[SUPPLIED RECORDS]
>>

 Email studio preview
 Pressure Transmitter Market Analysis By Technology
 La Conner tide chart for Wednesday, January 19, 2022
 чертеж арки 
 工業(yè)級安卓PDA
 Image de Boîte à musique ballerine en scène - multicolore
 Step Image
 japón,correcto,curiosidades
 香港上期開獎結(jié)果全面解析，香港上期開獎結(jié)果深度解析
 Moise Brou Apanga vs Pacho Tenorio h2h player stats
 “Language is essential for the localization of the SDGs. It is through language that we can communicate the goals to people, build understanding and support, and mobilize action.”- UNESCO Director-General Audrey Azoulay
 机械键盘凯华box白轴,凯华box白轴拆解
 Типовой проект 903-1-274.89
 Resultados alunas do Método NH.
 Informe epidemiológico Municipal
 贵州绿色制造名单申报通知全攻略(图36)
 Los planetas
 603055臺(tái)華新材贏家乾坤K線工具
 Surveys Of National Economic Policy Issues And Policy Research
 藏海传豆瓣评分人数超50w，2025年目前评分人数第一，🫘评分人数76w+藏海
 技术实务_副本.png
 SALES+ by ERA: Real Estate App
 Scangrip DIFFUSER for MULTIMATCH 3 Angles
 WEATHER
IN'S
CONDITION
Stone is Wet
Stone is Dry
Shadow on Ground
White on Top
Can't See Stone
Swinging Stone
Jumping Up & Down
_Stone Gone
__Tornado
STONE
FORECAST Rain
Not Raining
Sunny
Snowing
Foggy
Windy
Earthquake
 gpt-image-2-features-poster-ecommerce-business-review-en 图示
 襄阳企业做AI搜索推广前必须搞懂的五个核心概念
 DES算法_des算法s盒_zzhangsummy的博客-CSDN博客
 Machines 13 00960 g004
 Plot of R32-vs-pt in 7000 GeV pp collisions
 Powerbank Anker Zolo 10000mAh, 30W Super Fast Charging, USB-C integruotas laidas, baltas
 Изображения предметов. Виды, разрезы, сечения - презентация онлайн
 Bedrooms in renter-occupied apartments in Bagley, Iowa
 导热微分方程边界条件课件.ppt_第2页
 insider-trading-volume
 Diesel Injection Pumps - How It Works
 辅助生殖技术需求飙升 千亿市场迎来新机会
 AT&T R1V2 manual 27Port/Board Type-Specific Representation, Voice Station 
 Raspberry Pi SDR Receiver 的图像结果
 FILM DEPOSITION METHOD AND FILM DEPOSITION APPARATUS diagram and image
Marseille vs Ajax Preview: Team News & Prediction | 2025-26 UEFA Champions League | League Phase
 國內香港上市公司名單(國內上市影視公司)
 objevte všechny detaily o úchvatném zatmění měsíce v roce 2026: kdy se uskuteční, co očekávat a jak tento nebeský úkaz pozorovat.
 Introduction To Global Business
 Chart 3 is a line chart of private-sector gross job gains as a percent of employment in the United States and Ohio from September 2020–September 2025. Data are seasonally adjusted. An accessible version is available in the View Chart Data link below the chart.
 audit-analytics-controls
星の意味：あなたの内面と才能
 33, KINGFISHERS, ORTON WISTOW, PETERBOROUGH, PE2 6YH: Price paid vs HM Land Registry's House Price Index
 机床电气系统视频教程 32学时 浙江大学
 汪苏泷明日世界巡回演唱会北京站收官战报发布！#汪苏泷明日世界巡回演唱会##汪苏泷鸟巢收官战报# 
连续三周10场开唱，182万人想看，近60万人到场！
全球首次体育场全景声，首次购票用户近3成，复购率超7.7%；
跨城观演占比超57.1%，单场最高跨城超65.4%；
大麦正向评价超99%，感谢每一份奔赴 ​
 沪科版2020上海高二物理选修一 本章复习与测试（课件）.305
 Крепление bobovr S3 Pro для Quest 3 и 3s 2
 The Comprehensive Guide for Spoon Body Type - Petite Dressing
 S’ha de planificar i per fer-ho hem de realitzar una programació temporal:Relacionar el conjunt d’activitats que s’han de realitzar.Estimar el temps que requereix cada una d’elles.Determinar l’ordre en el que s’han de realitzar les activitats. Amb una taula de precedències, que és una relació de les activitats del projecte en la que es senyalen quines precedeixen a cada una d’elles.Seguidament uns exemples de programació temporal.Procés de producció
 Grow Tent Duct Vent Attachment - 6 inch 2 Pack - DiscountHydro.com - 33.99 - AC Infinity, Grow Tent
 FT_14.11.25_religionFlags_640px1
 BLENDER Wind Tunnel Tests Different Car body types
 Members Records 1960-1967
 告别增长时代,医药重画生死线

<<

[INSTRUCTIONS TO FOLLOW]
Could you retype the whole listing above without altering a word?

[ANSWER FOR THE TASK]
 Email studio preview
 Pressure Transmitter Market Analysis By Technology
 La Conner tide chart for Wednesday, January 19, 2022
 чертеж арки 
 工業(yè)級安卓PDA
 Image de Boîte à musique ballerine en scène - multicolore
 Step Image
 japón,correcto,curiosidades
 香港上期開獎結(jié)果全面解析，香港上期開獎結(jié)果深度解析
 Moise Brou Apanga vs Pacho Tenorio h2h player stats
 “Language is essential for the localization of the SDGs. It is through language that we can communicate the goals to people, build understanding and support, and mobilize action.”- UNESCO Director-General Audrey Azoulay
 机械键盘凯华box白轴,凯华box白轴拆解
 Типовой проект 903-1-274.89
 Resultados alunas do Método NH.
 Informe epidemiológico Municipal
 贵州绿色制造名单申报通知全攻略(图36)
 Los planetas
 603055臺(tái)華新材贏家乾坤K線工具
 Surveys Of National Economic Policy Issues And Policy Research
 藏海传豆瓣评分人数超50w，2025年目前评分人数第一，🫘评分人数76w+藏海
 技术实务_副本.png
 SALES+ by ERA: Real Estate App
 Scangrip DIFFUSER for MULTIMATCH 3 Angles
 WEATHER
IN'S
CONDITION
Stone is Wet
Stone is Dry
Shadow on Ground
White on Top
Can't See Stone
Swinging Stone
Jumping Up & Down
_Stone Gone
__Tornado
STONE
FORECAST Rain
Not Raining
Sunny
Snowing
Foggy
Windy
Earthquake
 gpt-image-2-features-poster-ecommerce-business-review-en 图示
 襄阳企业做AI搜索推广前必须搞懂的五个核心概念
 DES算法_des算法s盒_zzhangsummy的博客-CSDN博客
 Machines 13 00960 g004
 Plot of R32-vs-pt in 7000 GeV pp collisions
 Powerbank Anker Zolo 10000mAh, 30W Super Fast Charging, USB-C integruotas laidas, baltas
 Изображения предметов. Виды, разрезы, сечения - презентация онлайн
 Bedrooms in renter-occupied apartments in Bagley, Iowa
 导热微分方程边界条件课件.ppt_第2页
 insider-trading-volume
 Diesel Injection Pumps - How It Works
 辅助生殖技术需求飙升 千亿市场迎来新机会
 AT&T R1V2 manual 27Port/Board Type-Specific Representation, Voice Station 
 Raspberry Pi SDR Receiver 的图像结果
 FILM DEPOSITION METHOD AND FILM DEPOSITION APPARATUS diagram and image
Marseille vs Ajax Preview: Team News & Prediction | 2025-26 UEFA Champions League | League Phase
 國內香港上市公司名單(國內上市影視公司)
 objevte všechny detaily o úchvatném zatmění měsíce v roce 2026: kdy se uskuteční, co očekávat a jak tento nebeský úkaz pozorovat.
 Introduction To Global Business
 Chart 3 is a line chart of private-sector gross job gains as a percent of employment in the United States and Ohio from September 2020–September 2025. Data are seasonally adjusted. An accessible version is available in the View Chart Data link below the chart.
 audit-analytics-controls
星の意味：あなたの内面と才能
 33, KINGFISHERS, ORTON WISTOW, PETERBOROUGH, PE2 6YH: Price paid vs HM Land Registry's House Price Index
 机床电气系统视频教程 32学时 浙江大学
 汪苏泷明日世界巡回演唱会北京站收官战报发布！#汪苏泷明日世界巡回演唱会##汪苏泷鸟巢收官战报# 
连续三周10场开唱，182万人想看，近60万人到场！
全球首次体育场全景声，首次购票用户近3成，复购率超7.7%；
跨城观演占比超57.1%，单场最高跨城超65.4%；
大麦正向评价超99%，感谢每一份奔赴 ​
 沪科版2020上海高二物理选修一 本章复习与测试（课件）.305
 Крепление bobovr S3 Pro для Quest 3 и 3s 2
 The Comprehensive Guide for Spoon Body Type - Petite Dressing
 S’ha de planificar i per fer-ho hem de realitzar una programació temporal:Relacionar el conjunt d’activitats que s’han de realitzar.Estimar el temps que requereix cada una d’elles.Determinar l’ordre en el que s’han de realitzar les activitats. Amb una taula de precedències, que és una relació de les activitats del projecte en la que es senyalen quines precedeixen a cada una d’elles.Seguidament uns exemples de programació temporal.Procés de producció
 Grow Tent Duct Vent Attachment - 6 inch 2 Pack - DiscountHydro.com - 33.99 - AC Infinity, Grow Tent
 FT_14.11.25_religionFlags_640px1
 BLENDER Wind Tunnel Tests Different Car body types
 Members Records 1960-1967
 告别增长时代,医药重画生死线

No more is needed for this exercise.